A New York money manager claims Coca-Cola's proposed stock rewards for management are too sweet—so excessively generous at $24 billion, he says, that shareholders ought to vote them down at Coke's annual meeting in April.
Money manager David Winter, himself a Coke shareholder and founder of Wintergreen Advisers, issued a letter to fellow shareholders that called the proposed rewards "an unnecessarily large transfer of wealth…to members of the Company's management team. We can find no reasonable basis for gifting management 14.2 percent of the share capital of Coca-Cola, worth $24 billion at today's share price."

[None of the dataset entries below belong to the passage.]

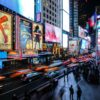 The Magic of NYC, Times Square Live Webcam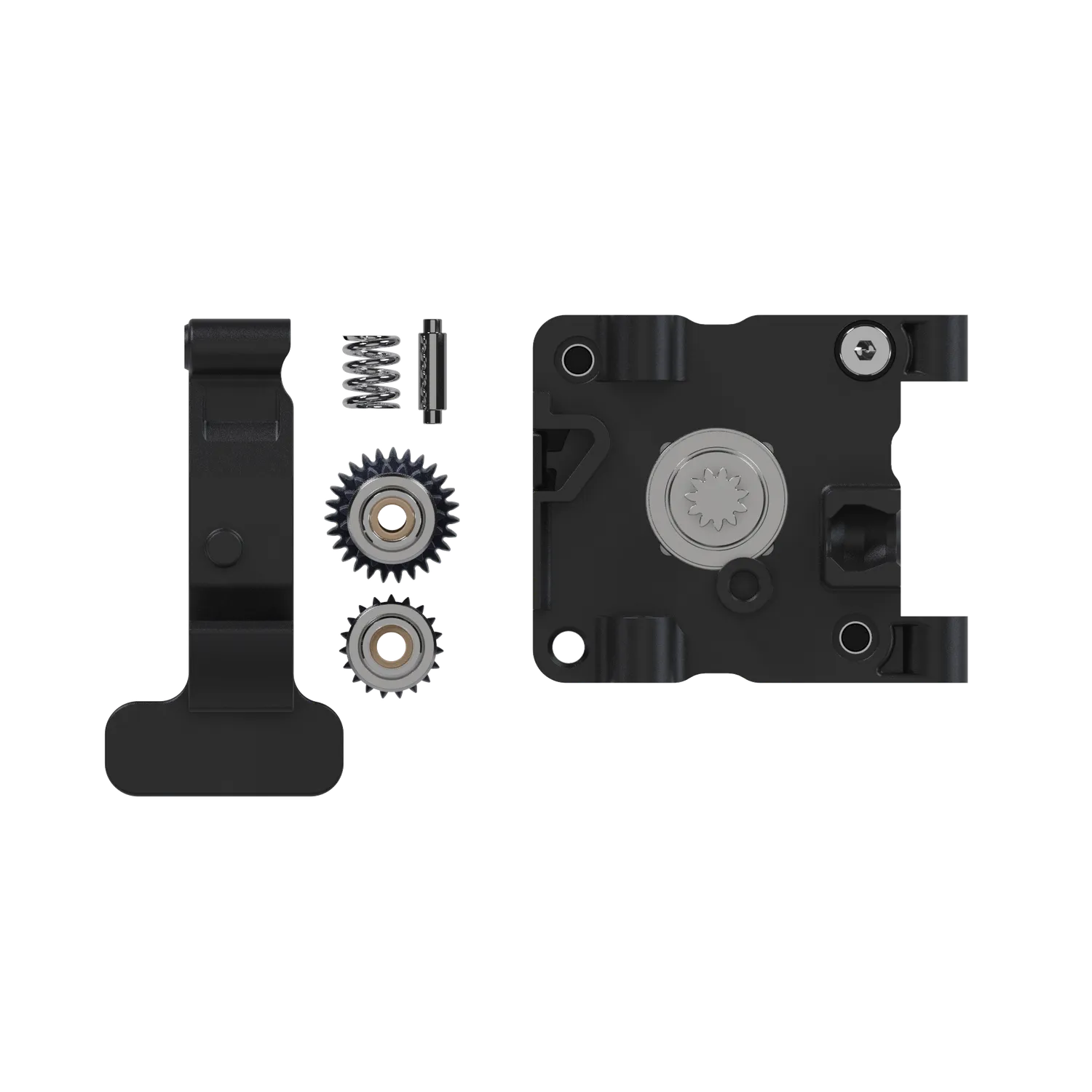 E3D Roto Vitamins extruderkit gearbox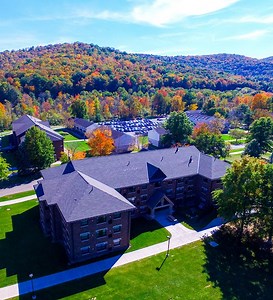 Take an aerial tour now and come see us in person this weekend at our open house starting at 12:30 p.m. Saturday. Meet the faculty, talk with students and learn more about the admissions and financial aid processes. Sign up now https://goo.gl/hX4q28 | University of Pittsburgh at Bradford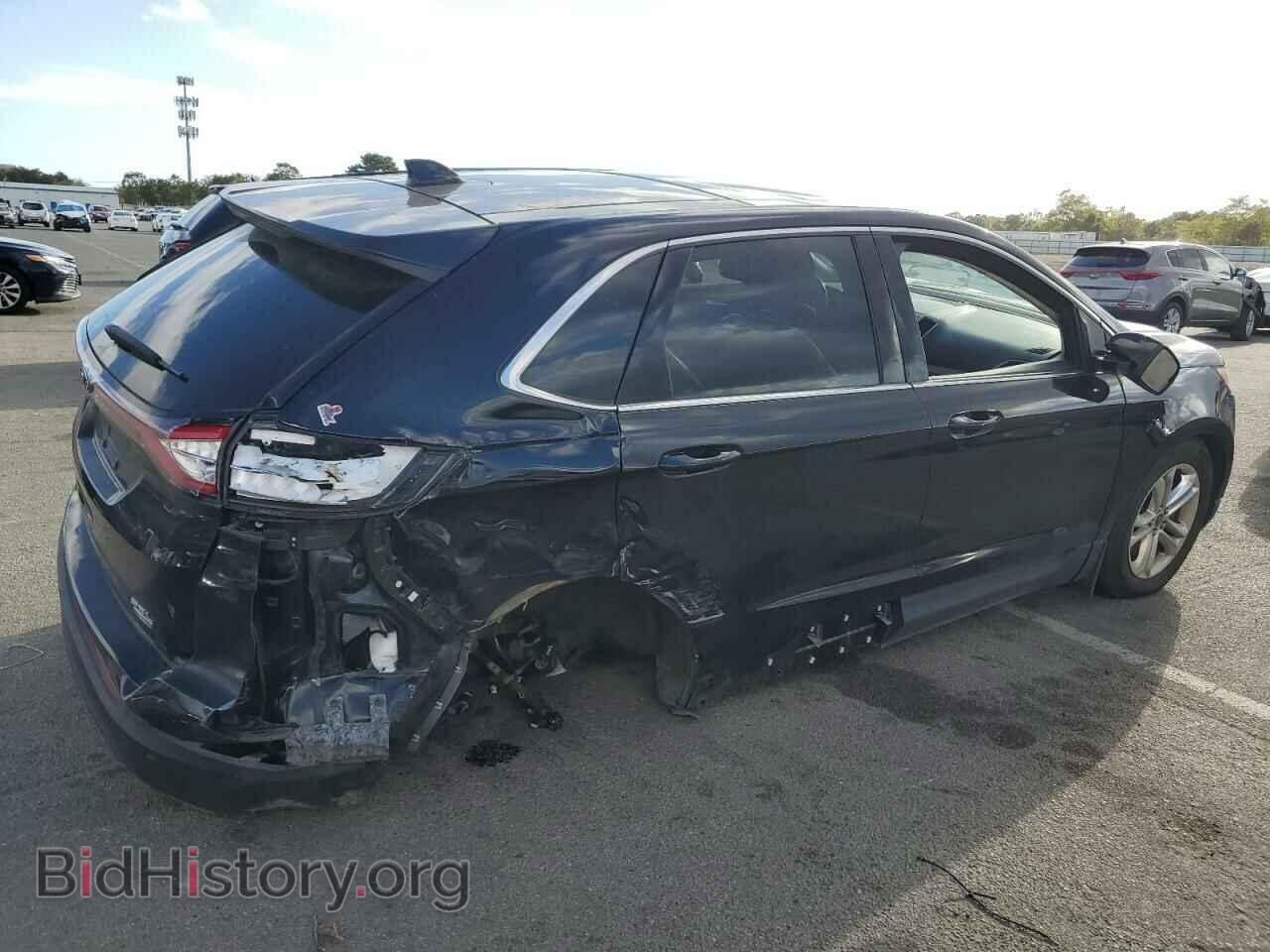2018 FORD EDGE - VIN: 2FMPK4J93JBC24419 - Photo 3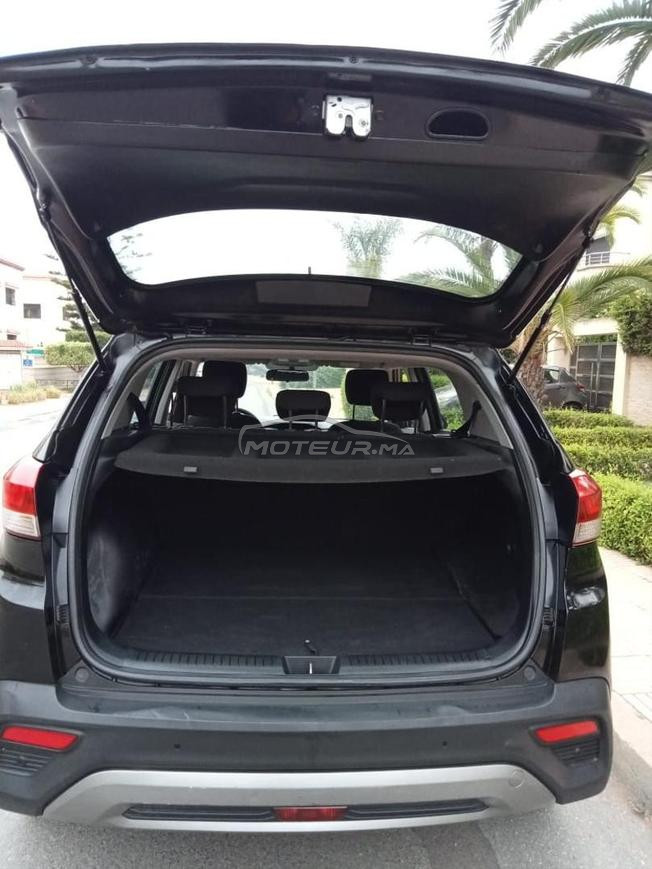 Hyundai Creta Diesel Automatique 2019 à Rabat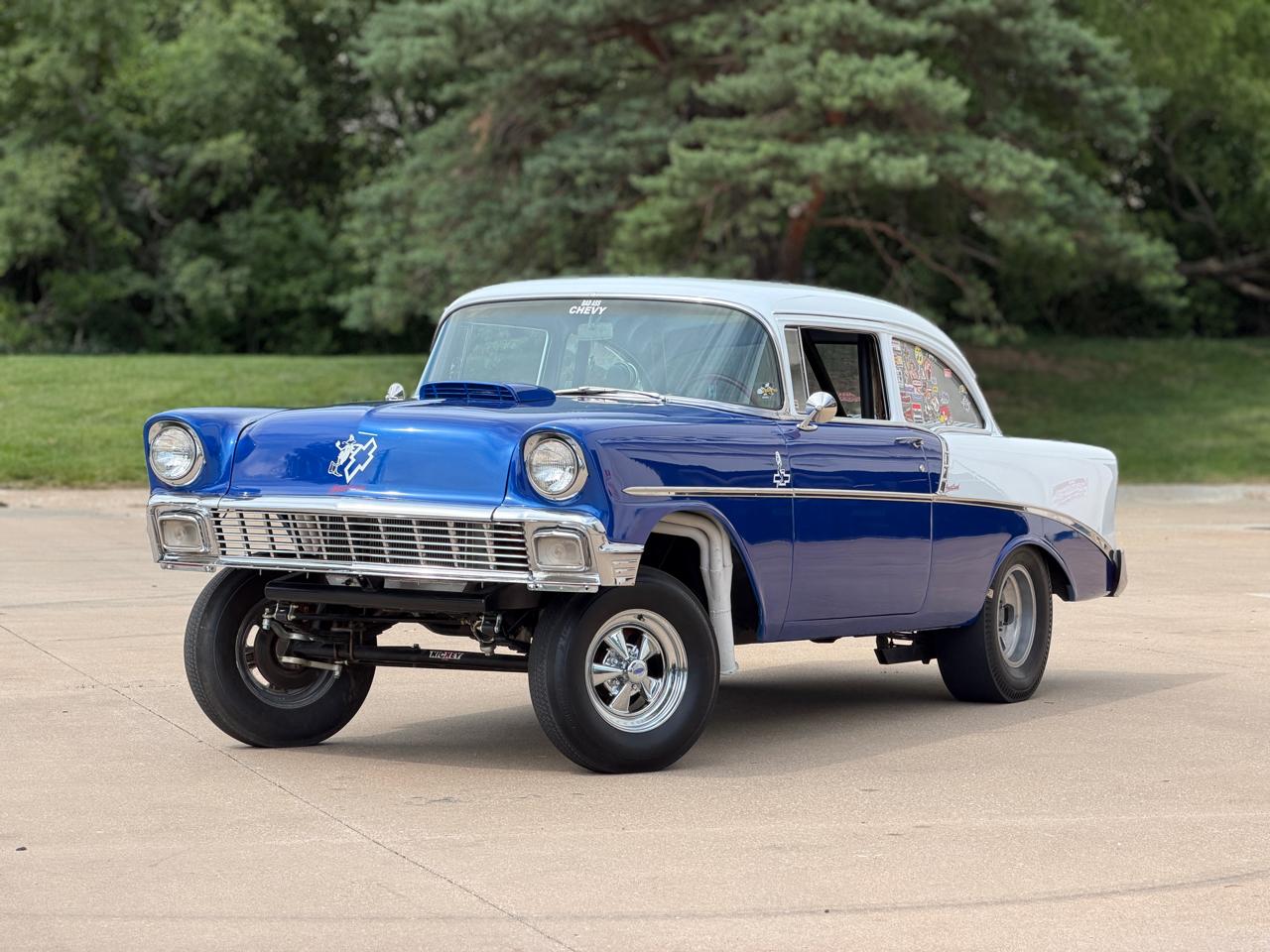 Chevrolet 210  1956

No matter how well management might perform in future, Winter argues in his letter, "It is unfathomable that they would require such astronomical sums of money to provide motivation." The compensation proposal, he says, "appears to place the economic well-being of management far ahead of the interests of the Company's shareholders."
Winters has sent a letter to Warren Buffett, chairman of Berkshire Hathaway, expressing these same concerns. Berkshire holds a little over 9 percent of Coke's stock. The letter points out Buffett as a long-time crusader against excessive management compensation and as a champion of shareholder value. It urges him to oppose the proposed plan.
Buffett has not yet responded. Coke, however, has.
Coke, in a statement, argues that the proposed rewards are not a given. They are contingent on management's meeting specific business goals and financial targets. If management doesn't perform—if they don't deliver for shareholders--they don't get rewarded.
Second, says Coke, its ongoing stock-buyback program will more than offset any potential dilution caused by the issuance of shares to management.
Third, says Coke, the proposed rewards would not go to senior executives only but to a larger group of employees, whom it will help to retain and motivate.
Under Coke's previous rewards plan, 4,600 managers were eligible to receive stock rewards. Under the proposed plan, 6,400 would be eligible.
Coke's board, says the company', stands behind the plan and believes its performance metrics will link the interests of Coke employees to those of shareholders. (On the board sits Howard Buffett, Warren's son.)
ABC News asked Winters for his response. "We stand by what we said," he says. "The 14.2 percent dilution is Coke's own number, from page 86 its own proxy. We believe that's too much. It's a tough headwind [for the stock] to overcome."
As for the rewards being broadly distributed, Winters notes the company has 151,000 employees. In that context, he says, the 6,400 managers eligible for rewards constitute a golden minority. "If you divide up the dollars, they stand to get, on average, about $2 million each."
Coke's revenue growth worldwide for 2013 was 3 percent. Are there 6,400 managers in a 100-year old company with flat sales who deserve a $2 million reward? He thinks not.